◆ THE TASK ◆
When you reach the line containing "NW Infotafel DIN", start transcribing exactly and continue through the last line of the data, skipping every picture.

◆ DATASET EXTRACT ◆
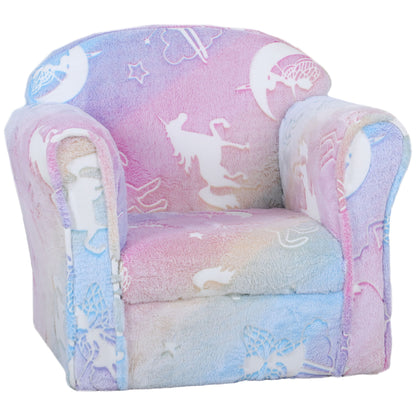 Qaba Kids Sofa with Glowing Fairy Design for 18-36 Months, Multicolor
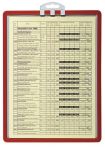 NW Infotafel DIN A4 m.Profilrahmen rot z.Aufhängen 5St./Btl.DURABLE (9000492489)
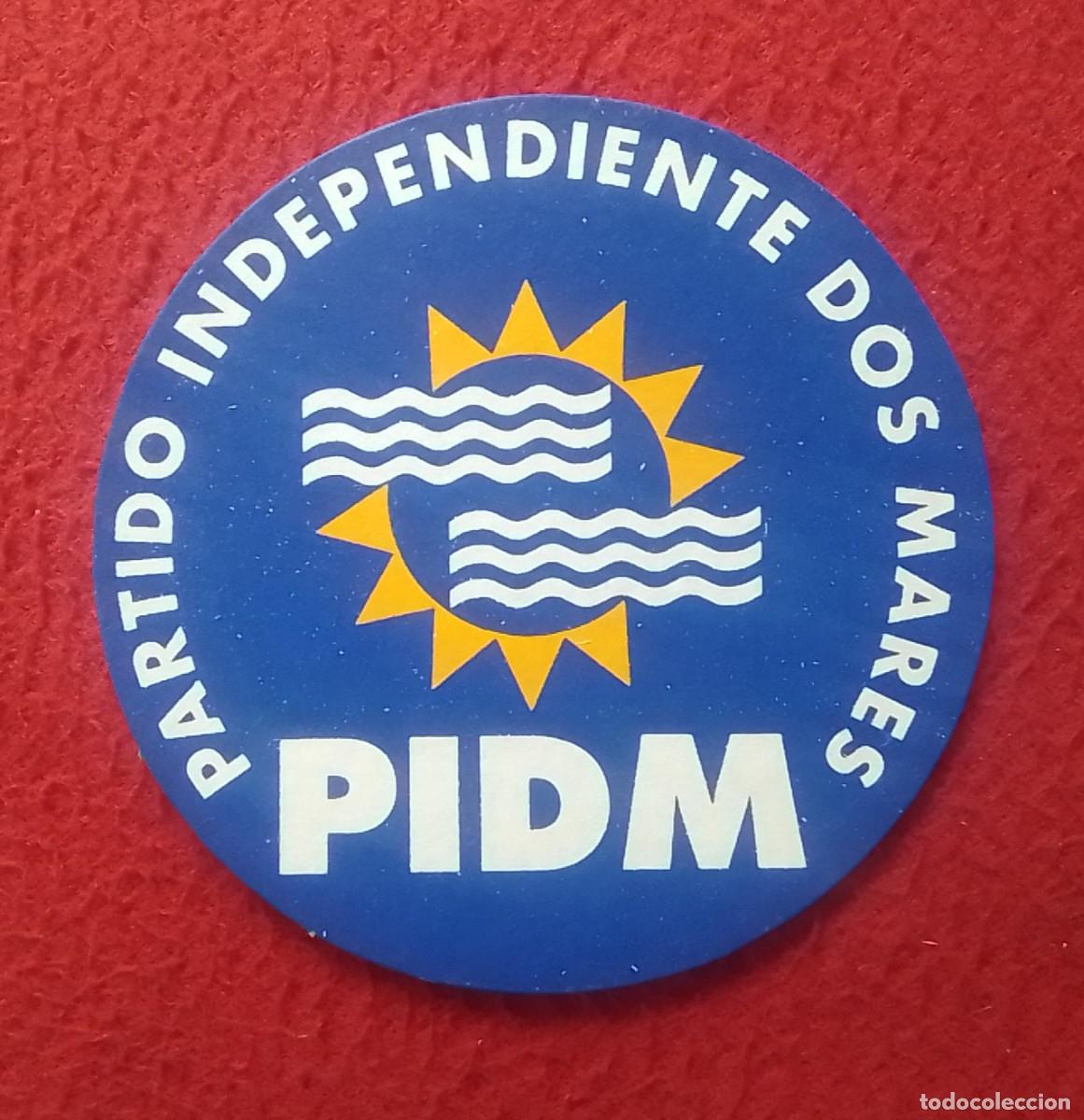 Otras Botellas y Bebidas Antiguas de colecci&oacute;n: ANTIGUO POSAVASOS OLD COASTER MAT PARTIDO INDEPENDIENTE DOS MARES PIDM &iquest;MURCIA? &iquest; PARTIDO POL&Iacute;TICO ?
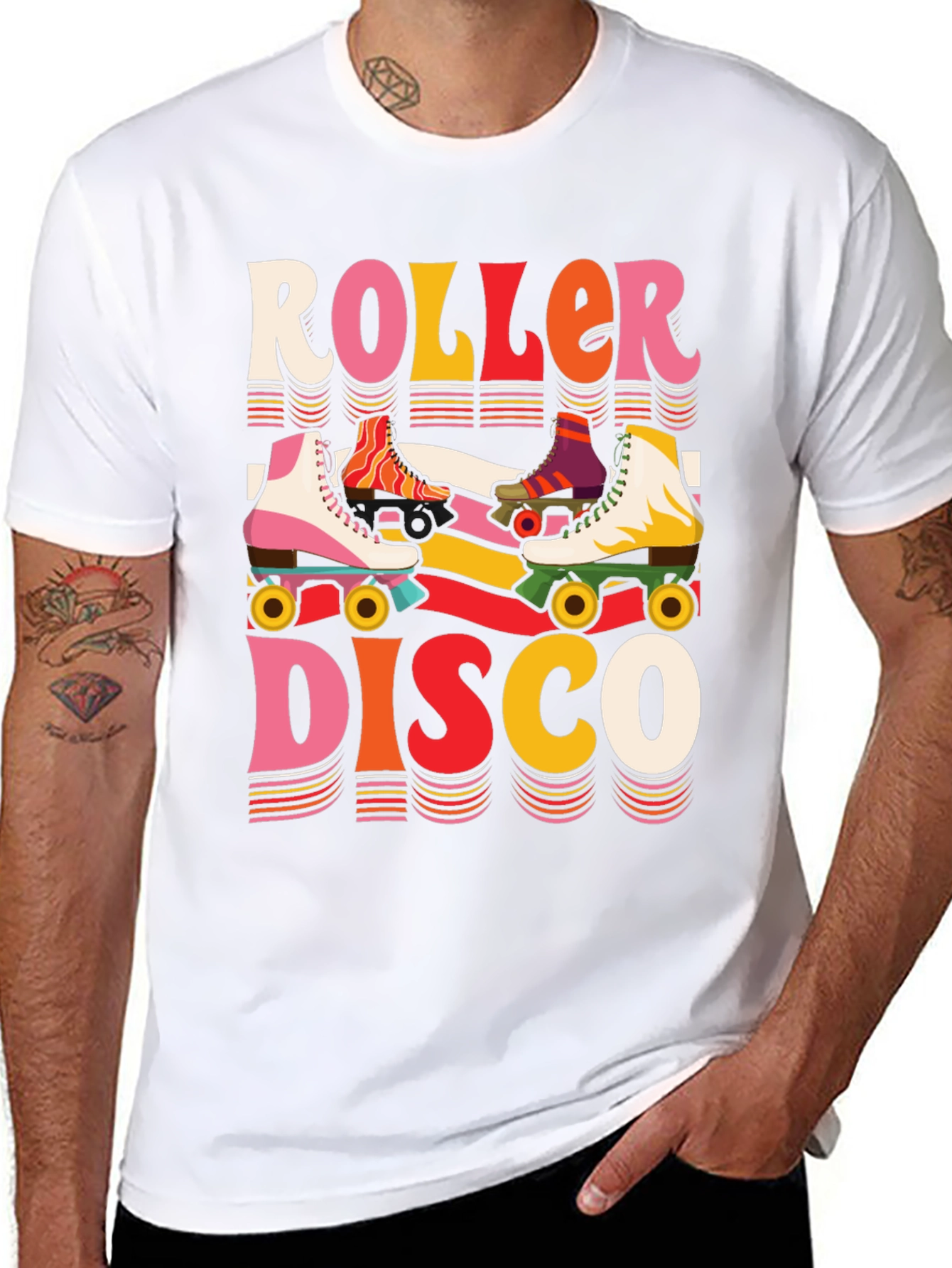 Roller Disco Graphic Tee - Retro Vibes!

◆ RESPONSE TO THIS TASK ◆
 NW Infotafel DIN A4 m.Profilrahmen rot z.Aufhängen 5St./Btl.DURABLE (9000492489)
 Otras Botellas y Bebidas Antiguas de colecci&oacute;n: ANTIGUO POSAVASOS OLD COASTER MAT PARTIDO INDEPENDIENTE DOS MARES PIDM &iquest;MURCIA? &iquest; PARTIDO POL&Iacute;TICO ?
 Roller Disco Graphic Tee - Retro Vibes!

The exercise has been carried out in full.